Appealing to them, en masse, to recommence the simple task of carrying away the cartons was to no avail – apparently, and all-of-a-sudden, they could not understand the most simplest of words (what was then-known as ‘Pidgin-English’) – so I resorted to individually encouraging each man to his feet and, by conveying him to a carton, could manage to convince each one in turn, with suitable gesticulations, that the reason they were gathered here was to ferry the goods to the storeroom as before.

To cut a long story short: when they eventually straggled back – although by then their ranks had thinned considerably – they of course headed for the shade of the trees again. After another round of one-on-one persuasion, as before, and another straggling return only to lie around once more under the trees, I finally gave it up as it was wasting more time than it gained and directed the ship’s crew to commence unloading all the way to the storeroom.

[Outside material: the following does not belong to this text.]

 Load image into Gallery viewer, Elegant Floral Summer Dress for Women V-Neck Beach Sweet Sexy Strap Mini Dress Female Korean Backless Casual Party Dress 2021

The superintendent was most apologetic, of course, whilst explaining that ‘once they got it into their heads’ to not co-operate there was little he could do about it (a plaint I had heard of elsewhere numerous times before).

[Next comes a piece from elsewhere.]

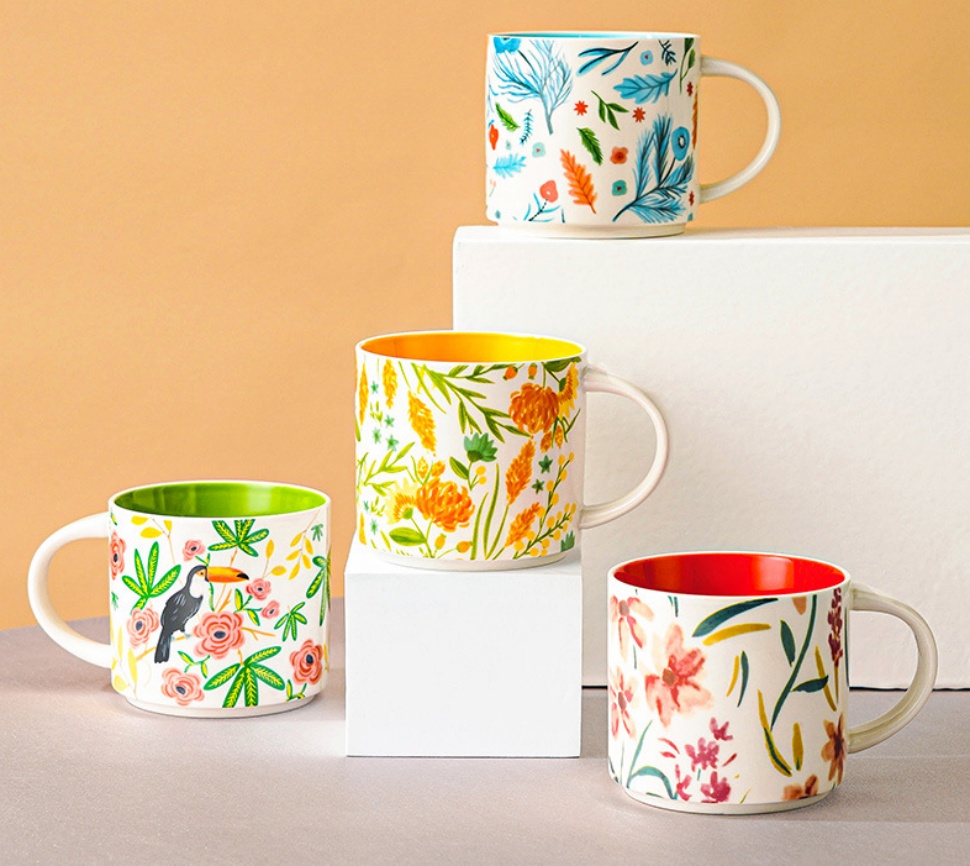 Floral ceramic colorful mug Floral ceramic colorful mug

By dint of much deadline-motivated exertion and sweat – and that well-known line ‘only mad dogs and Englishmen go out in the noon day sun’ (as per a 1772 physician’s article popularised by Mr. Noël Coward’s 1931 song) resonated prominently in the psyche of the identity-in-residence all the while – the final carton was secured in the outstation’s storeroom, before the tide had ebbed too much, and the ship was cleared to be under way once more to its next port-of-call.

And the point of this tropical seashore tale (being but one among several of a similar nature which could be told)? As already mentioned, further above, the identity inhabiting this flesh-and-blood body all those years ago was by then vitally interested in the hunter-gatherer lifestyle, as ‘he’ was questioning the whole notion of ‘progress’ – as in just what the end-goal might be which all this ‘progress’ was presumably progressing towards – which drove peoples of a Caucasoid stock to dominate the globe with their ever-expanding developmental way of life, and it was incidents of this kind which intrigued ‘him’ no end. There seemed to be something quite telling about the way in which those by-then part-time hunter-gatherers (those of the ‘free-range’ lifestyle) thought nothing of lounging about in the shade of a tree while the productive wage-slaves (those of the ‘property-rights way of life’) dutifully laboured to unload the ship’s cargo under the blazing-hot tropical sun (a cargo comprising mainly of their frozen meat-pies and ice-cream, mind you, thereafter to be acquired by them via piecemeal return of fortnightly-dispensed tokens, known locally as ‘Gubmint Munny’, to the superintendent).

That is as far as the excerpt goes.